Let me try to clarify some more. When playing a video, not with Plex, such as from another DLNA server or from the USB drive, the software you are using is Panasonic’s video player. This is the code they wrote to play videos. The OS they run, some version of Opera, also has code to play videos. The OS is limited and can only support specific codecs. Panasonic’s code bypasses the OS code and handles everything within it’s own code. This allows that code to support additional codecs that the OS cannot. The Plex app does not have it’s own code to play video. It uses the code from the OS, which is why codec support is hardware dependent. We can’t use Panasonic’s code to give us the same abilities.

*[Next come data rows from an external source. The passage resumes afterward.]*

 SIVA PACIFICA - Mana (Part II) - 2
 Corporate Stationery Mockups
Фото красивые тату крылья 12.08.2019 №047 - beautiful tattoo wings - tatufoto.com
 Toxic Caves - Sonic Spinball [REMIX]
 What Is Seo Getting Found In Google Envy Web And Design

Think of the Windows OS and their built in photo viewer. It can view bmp, jpg, gif and a few others. But it can’t view pdf or Apple’s new aiff format or any type of video files. A program dependent on the OS would be limited to the same things. Notice that Windows file explorer which works at the OS level can generate preview icons for these formats, but not others. This is Plex. Put if you have PhotoShop, you can see in it’s UI, previews for almost any format. This is the Panasonic player.

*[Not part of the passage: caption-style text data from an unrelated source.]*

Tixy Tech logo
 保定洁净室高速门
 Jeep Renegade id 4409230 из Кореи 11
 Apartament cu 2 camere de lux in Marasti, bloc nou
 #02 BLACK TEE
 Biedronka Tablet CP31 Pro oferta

The solution would be for Plex to write a native player app. This may happen in the future, but it’s not easy. Plex did do this with PMP and Android, where we now have our own player so we can support more codecs that the device itself does not natively. Starting to appear on Apple now too.

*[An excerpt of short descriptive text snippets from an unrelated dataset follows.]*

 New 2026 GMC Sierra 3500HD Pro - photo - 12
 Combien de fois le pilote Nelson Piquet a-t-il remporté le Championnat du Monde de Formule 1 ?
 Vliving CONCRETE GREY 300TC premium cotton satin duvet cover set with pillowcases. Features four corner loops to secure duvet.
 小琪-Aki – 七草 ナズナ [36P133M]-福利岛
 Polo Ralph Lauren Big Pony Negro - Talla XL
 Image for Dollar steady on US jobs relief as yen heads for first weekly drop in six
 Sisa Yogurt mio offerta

For you, this is a newer UHD TV, which does support HEVC. Our older app isn’t able to detect hevc support, which is why you still can’t play HEVC even though it is technically supported. You will need to wait for our new app which can detect hevc support. It is just a matter of time before the v2 app makes it to Panasonic.
This is something that could happen. We did this for LG where we allowed users to opt into the new app. We still need to go through internal testing before releasing anything, even for Beta. We’re just not there yet for Panasonic.